The data is to be retyped in full, exactly.

Start of Block

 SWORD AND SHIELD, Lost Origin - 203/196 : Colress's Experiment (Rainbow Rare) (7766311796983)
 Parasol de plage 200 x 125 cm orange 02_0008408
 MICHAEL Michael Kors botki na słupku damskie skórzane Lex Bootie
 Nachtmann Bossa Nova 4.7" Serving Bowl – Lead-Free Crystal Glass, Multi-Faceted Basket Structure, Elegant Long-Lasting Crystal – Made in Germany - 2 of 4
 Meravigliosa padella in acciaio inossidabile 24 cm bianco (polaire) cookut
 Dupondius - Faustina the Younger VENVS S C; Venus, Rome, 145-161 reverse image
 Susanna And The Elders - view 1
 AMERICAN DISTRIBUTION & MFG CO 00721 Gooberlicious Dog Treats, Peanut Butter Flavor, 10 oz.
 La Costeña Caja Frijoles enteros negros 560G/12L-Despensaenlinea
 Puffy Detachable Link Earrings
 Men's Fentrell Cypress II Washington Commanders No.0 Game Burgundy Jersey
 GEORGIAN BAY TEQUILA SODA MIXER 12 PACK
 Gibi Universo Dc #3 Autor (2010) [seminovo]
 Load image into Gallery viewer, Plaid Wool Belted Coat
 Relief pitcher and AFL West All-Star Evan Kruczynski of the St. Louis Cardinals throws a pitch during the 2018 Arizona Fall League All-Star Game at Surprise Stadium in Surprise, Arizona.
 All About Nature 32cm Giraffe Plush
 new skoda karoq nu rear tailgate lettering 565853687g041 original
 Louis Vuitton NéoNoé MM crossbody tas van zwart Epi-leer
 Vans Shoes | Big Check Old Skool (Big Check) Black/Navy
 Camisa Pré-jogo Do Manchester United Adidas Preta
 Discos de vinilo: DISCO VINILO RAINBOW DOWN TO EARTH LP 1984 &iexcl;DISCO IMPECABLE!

End of Block

RESPONSE FOR THIS EXERCISE —
 SWORD AND SHIELD, Lost Origin - 203/196 : Colress's Experiment (Rainbow Rare) (7766311796983)
 Parasol de plage 200 x 125 cm orange 02_0008408
 MICHAEL Michael Kors botki na słupku damskie skórzane Lex Bootie
 Nachtmann Bossa Nova 4.7" Serving Bowl – Lead-Free Crystal Glass, Multi-Faceted Basket Structure, Elegant Long-Lasting Crystal – Made in Germany - 2 of 4
 Meravigliosa padella in acciaio inossidabile 24 cm bianco (polaire) cookut
 Dupondius - Faustina the Younger VENVS S C; Venus, Rome, 145-161 reverse image
 Susanna And The Elders - view 1
 AMERICAN DISTRIBUTION & MFG CO 00721 Gooberlicious Dog Treats, Peanut Butter Flavor, 10 oz.
 La Costeña Caja Frijoles enteros negros 560G/12L-Despensaenlinea
 Puffy Detachable Link Earrings
 Men's Fentrell Cypress II Washington Commanders No.0 Game Burgundy Jersey
 GEORGIAN BAY TEQUILA SODA MIXER 12 PACK
 Gibi Universo Dc #3 Autor (2010) [seminovo]
 Load image into Gallery viewer, Plaid Wool Belted Coat
 Relief pitcher and AFL West All-Star Evan Kruczynski of the St. Louis Cardinals throws a pitch during the 2018 Arizona Fall League All-Star Game at Surprise Stadium in Surprise, Arizona.
 All About Nature 32cm Giraffe Plush
 new skoda karoq nu rear tailgate lettering 565853687g041 original
 Louis Vuitton NéoNoé MM crossbody tas van zwart Epi-leer
 Vans Shoes | Big Check Old Skool (Big Check) Black/Navy
 Camisa Pré-jogo Do Manchester United Adidas Preta
 Discos de vinilo: DISCO VINILO RAINBOW DOWN TO EARTH LP 1984 &iexcl;DISCO IMPECABLE!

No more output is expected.